Output every entry below exactly, without its pictures.
——
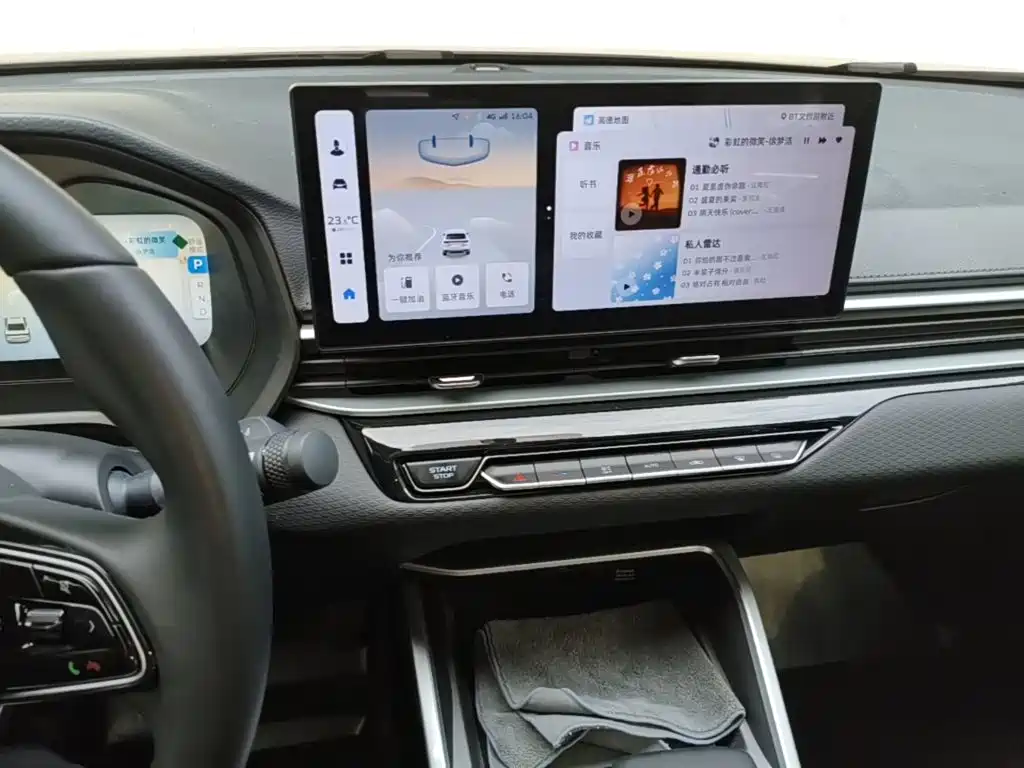 Geely Emgrand — миниатюра 13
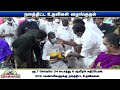 ntn நிகழ்வுகள் 21 08 2021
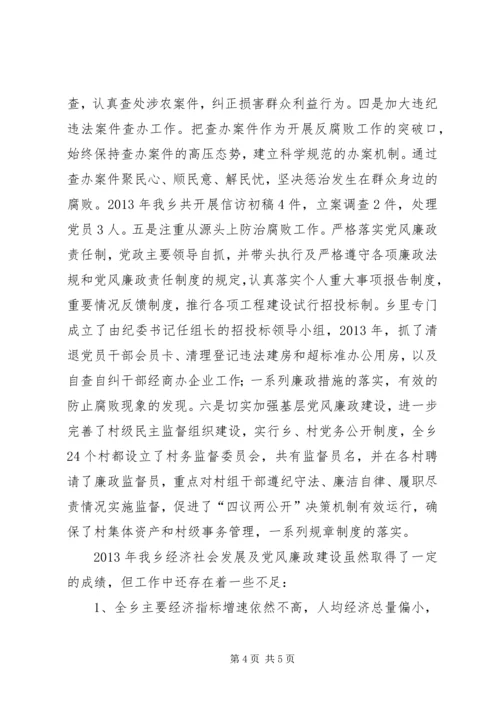 乡领导班子述职述德述廉报告.docx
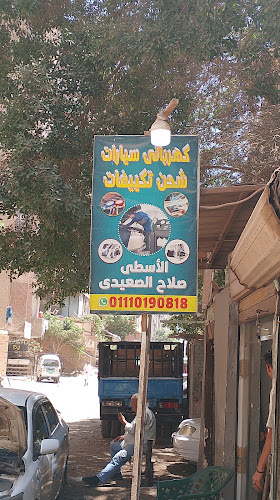 السيارات الكهربائية وشحن التكييف القديم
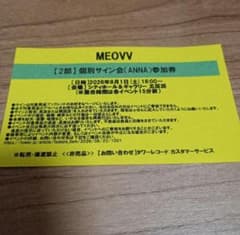 MEOVV 8/1 2部 個別サイン会 ANNA アンナ 参加券 - メルカリ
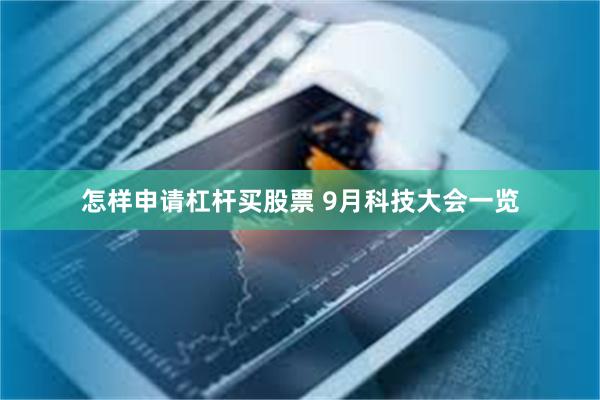 怎样申请杠杆买股票 9月科技大会一览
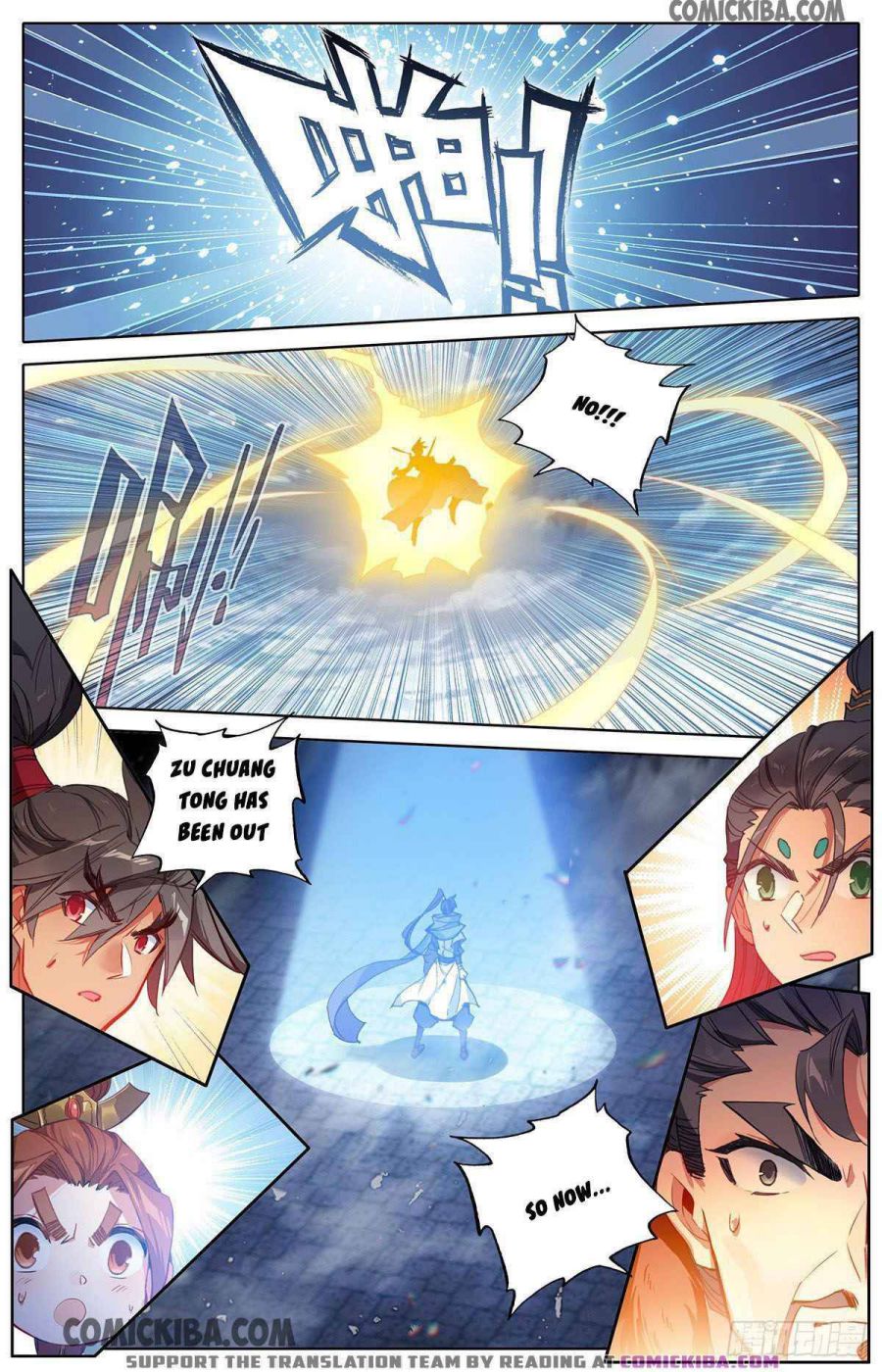 Page 11 of Chapter 55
——
• The answer:
 Geely Emgrand — миниатюра 13
 ntn நிகழ்வுகள் 21 08 2021
 乡领导班子述职述德述廉报告.docx
 السيارات الكهربائية وشحن التكييف القديم
 MEOVV 8/1 2部 個別サイン会 ANNA アンナ 参加券 - メルカリ
 怎样申请杠杆买股票 9月科技大会一览
 Page 11 of Chapter 55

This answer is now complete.